Statistical Methods for Multinomial Data with Multilevel Structures

Period of Performance: 08/15/2002 - 02/14/2003


Phase 1 STTR

Recipient Firm

Insightful Corporation
Seattle, WA 98109
Principal Investigator
Firm POC

Research Institution

University of Michigan
3003 South State Street
Ann Arbor, MI 48109
Institution POC


The ultimate objective of our research is the development of methodology and software for the analysis of multi-level binomial and multinomial data in longitudinal studies. Multi-level data is very common in psychological and biomedical studies. Our research will make fundamental contributions to these studies by evaluating, recommending, and developing robust and efficient algorithms for handling such data. We will focus on parametric approach: generalized linear mixed models, and semiparametric approaches: generalized estimating equation models and generalized additive mixed models.

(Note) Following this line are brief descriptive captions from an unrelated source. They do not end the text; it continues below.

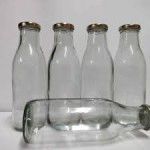 Glass Bottles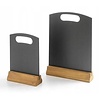 Hendi Tabletop blackboard - 2 pcs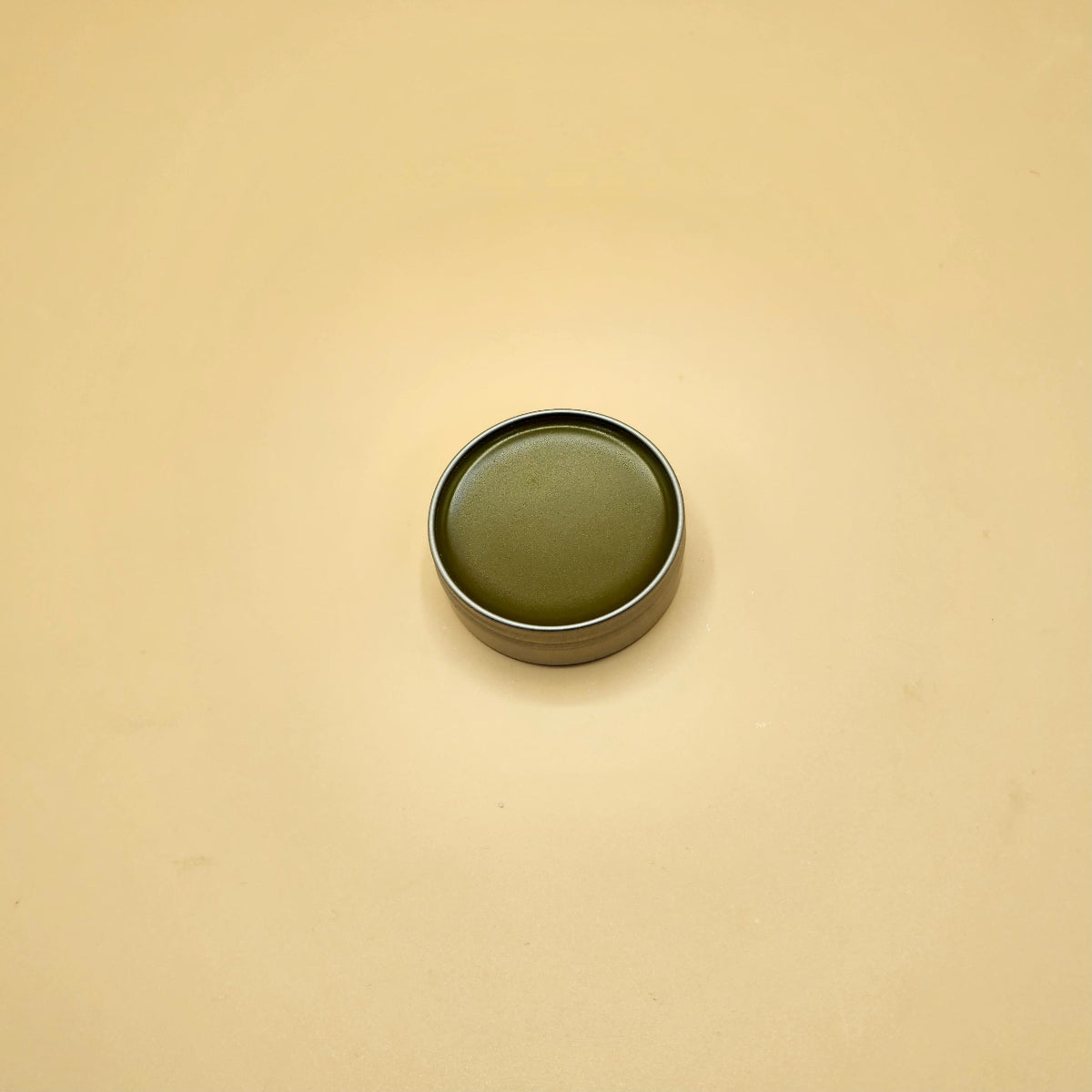 Natural Black Walnut Leaf Salve — handcrafted herbal skin care in biodegradable recyclable packaging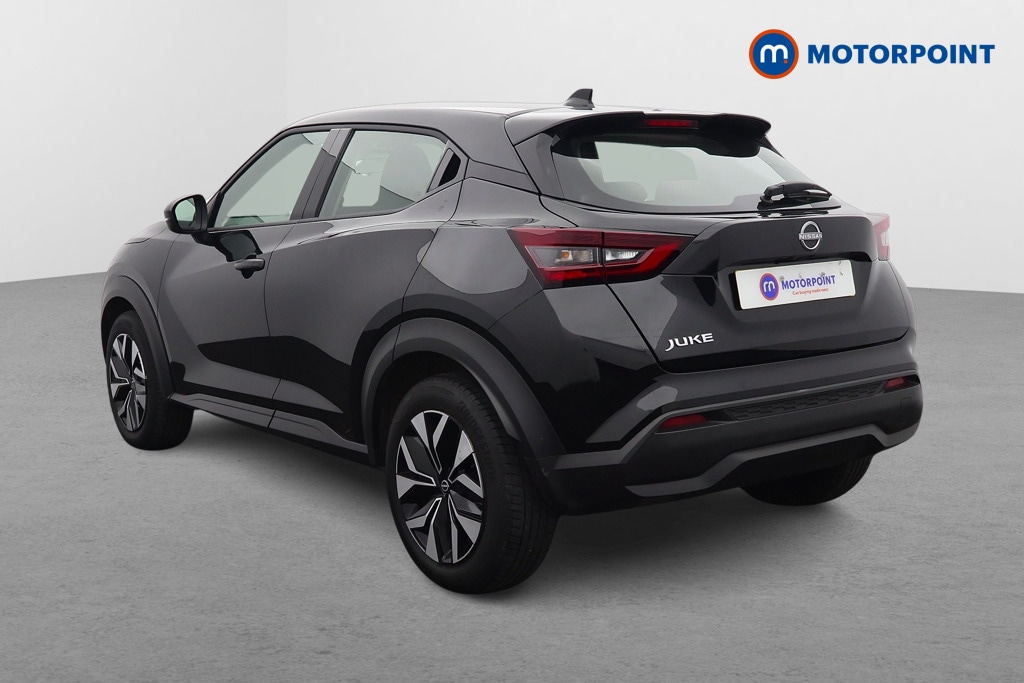 Used Nissan Juke 2025 for sale - 77686715: Photo 5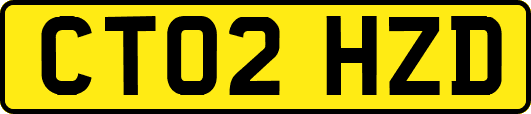 CT02HZD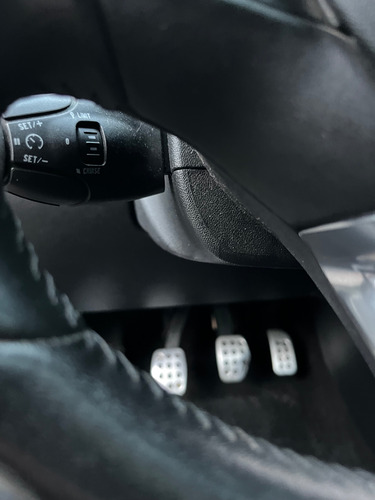 Peugeot 208 1.6 Feline Pack Cuir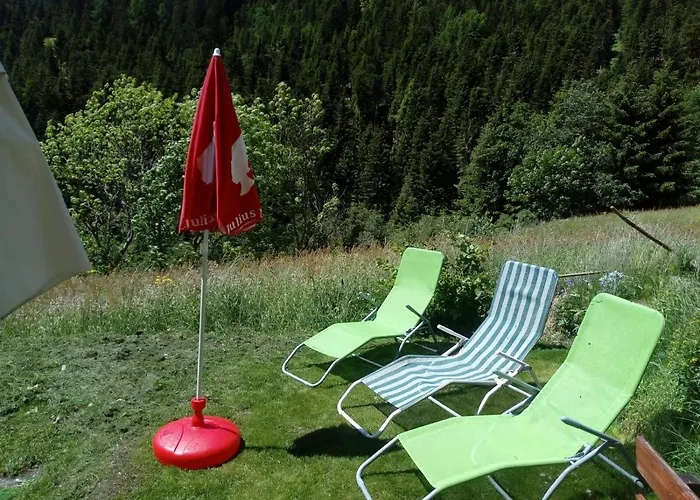 Bed and Breakfast Dolomiti Bey Haus Pinter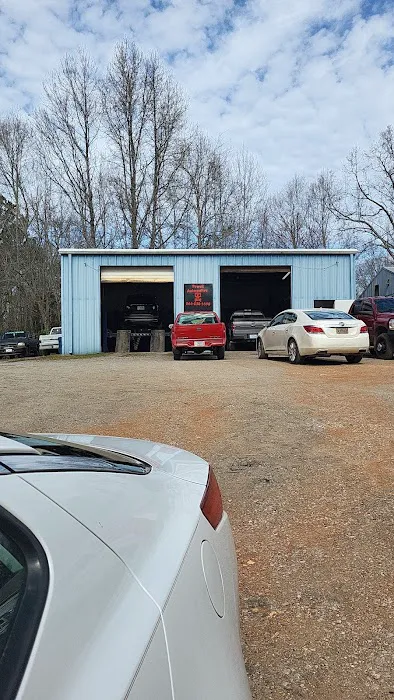 Powell Automotive 0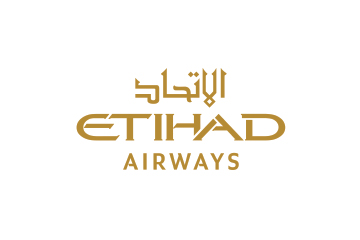  Etihad Airways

The algorithms will be implemented as an object-oriented software library in the S-Plus language and the approaches will be published in peer reviewed journals. Currently, there is no commercial software for handling multinomial data with multiple hierarchical structures. In the proposed work we will evaluate various algorithms and provide recommendations on when each algorithm should be used. A unified library of well-tested algorithms for performing these analyses will be available in Splus and ported to R. In addition, we will incorporate diagnostic techniques and graphical methods into the software, and we will develop a comprehensive case study guidebook using real problems. Generalized linear mixed effects models and generalized estimating equations models are widely used in psychology, social sciences, and other areas of scientific research. The computational algorithms we propose to investigate are aiming at categorical data, particularly, binomial and multinomial responses. The product will be implemented as an S-Plus library and ported to R package. The software will be available to the public and will attract consulting projects and short courses for longitudinal data analysis with S-Plus. The inclusion of a Java graphical user interface and guidebook will make these methods accessible to a wider audience of researchers.